I recently finished a great book by Marcus Buckingham: The One Thing you Need to Know. The author is better known for his work on Strengths-based success, but this is an excellent book that any manager or leader should read. One of the key concepts in the book are differences between managers and leaders.
Managers are all about PEOPLE. Their job is to align team strengths with the needs of the organization, to care for people, to show them he or she has their career in mind, to give them direction and resources and to cover their back. Managers are individualizers.
A Great Manager is a catalyst that turns people’s talent into performance that is aligned with company goals. A great manager demonstrates he or she sincerely cares about the team, making employees believe their success is the manager’s primary goal.

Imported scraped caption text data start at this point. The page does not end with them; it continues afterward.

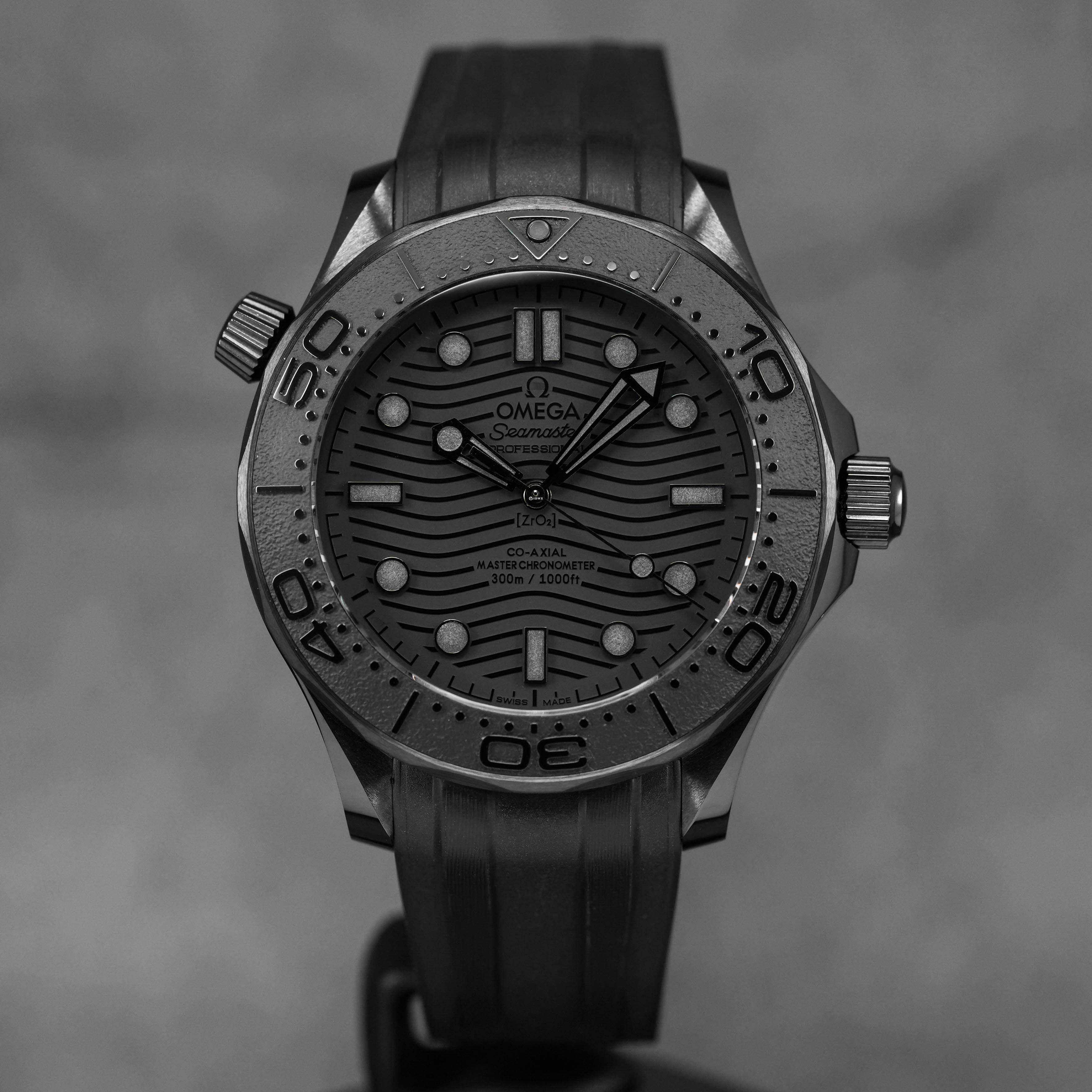 harga omega seamaster diver 300m all black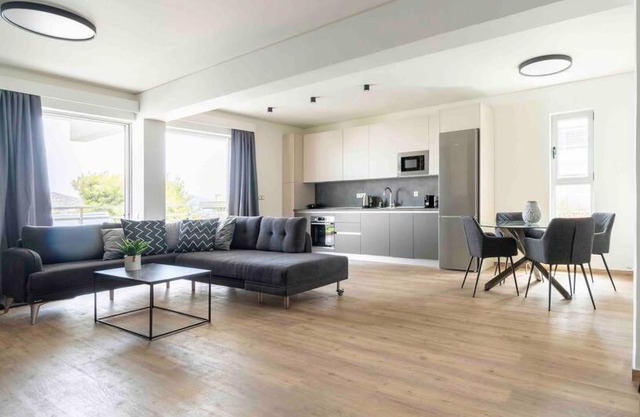 SeaLife Grand Penthouse Varkiza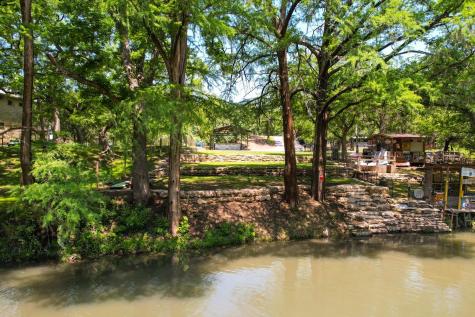 8560 River Road New Braunfels TX 78132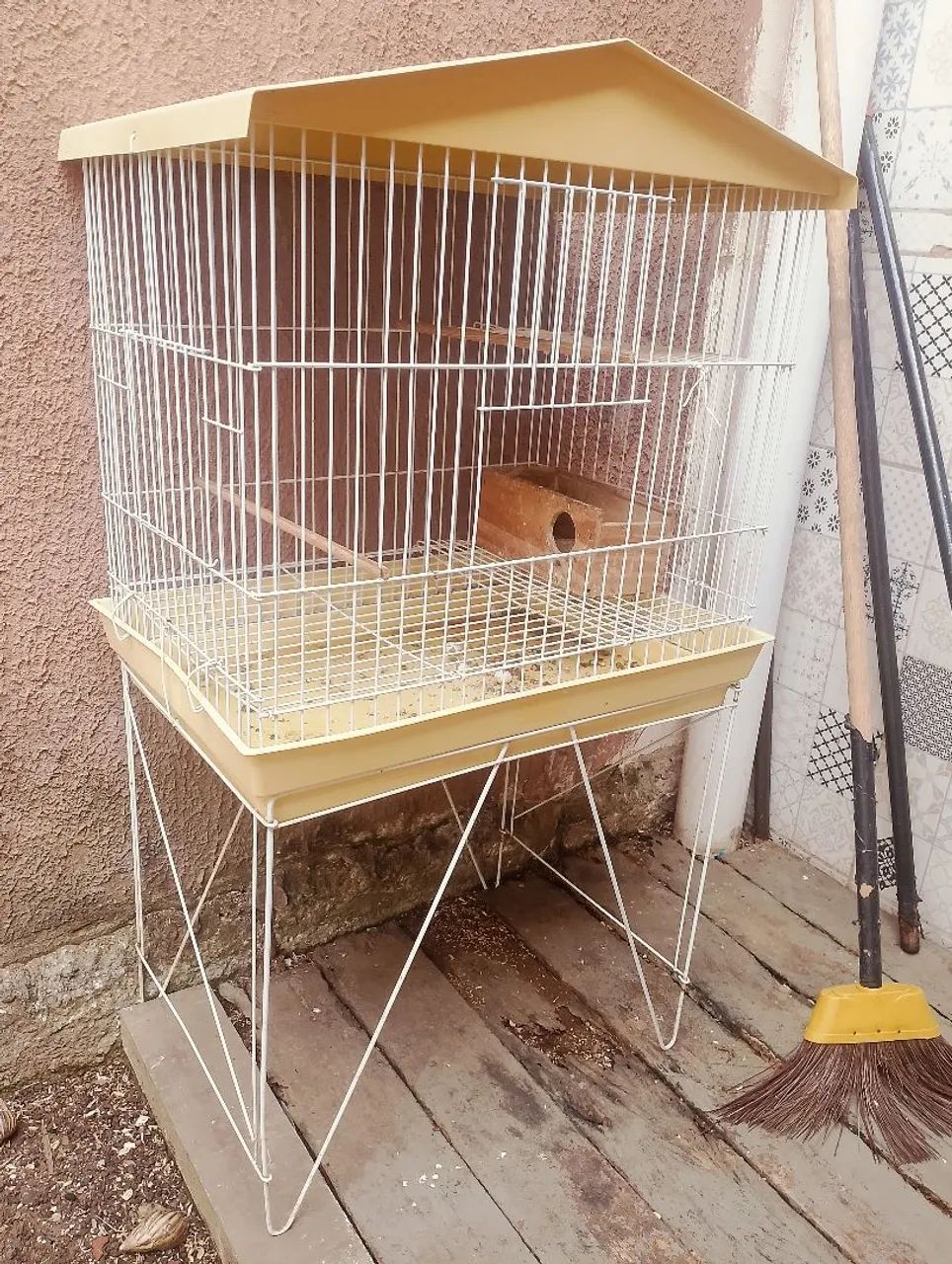 Gaiola grande semi nova 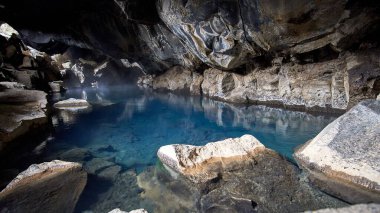 İzlanda 'daki Myvatn Gölü yakınlarındaki Grjotagja lav mağarasının nefes kesici manzarası.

Great managers get satisfaction from the small improvements in growth they see in the people they manage.
Leaders are all about VISION. They have an ability to visualize a better future so clearly and they are so passionate about it, they can’t help but do everything they can to make that future a reality. Their vision and passion make people follow them independently of their position in the org.
Great Leaders rally people to a better future. Great leaders are restless for change, impatient for progress and deeply dissatisfied with the status quo. The possibility of a better future burns them and propels them. Great leaders see the future so vividly they have no choice but to do everything in their power to make this future real. Great leaders are curious, bold and confident, and they have a great sense of optimism.
How to become a great Leader? Sorry but what makes a great leader cannot be learned. You either have it or you don’t. Leaders are born. Leaders need, however, a fully realistic assessment of the difficulty of the challenge ahead and they need to bring an unrealistically optimistic belief in the ability to overcome it.
How to become a great Manager? Marcus offers a very accurate set of recommendations. Interestingly, the discussion starts by defining the fundamental human needs: a modern version of Maslow’s pyramid, in a way. These fundamental needs stem from fundamental human fears. They are:
- Fear of death – Need for security
- Fear of strangers and outsiders– Need for community
- Fear of the future and uncertainty – Need for clarity
- Fear of chaos – Need for authority and classification, order
- Fear of insignificance – Need for respect
What do these needs have to do with management? These fundamental human needs apply to humans at all times, including work. A manager that is aware and understands the fundamental human needs of his or her employees will find the following management guidelines as very useful:
- Provide clear expectations and goals to your team
- Show recognition and praise for the accomplishments of your team, big and small
- Demonstrate to your team you sincerely care about them as individuals
- A good team requires interdependency: it cannot be a group of individual players
Marcus defines three things every good manager needs to know about each team member:
1. Their strengths and weaknesses
2. Their triggers and hot buttons
3. Their individual style of learning: analyzer, watcher or doer.
You can be a great manager and a great leader. If you are interested, a good first step would be to read this book.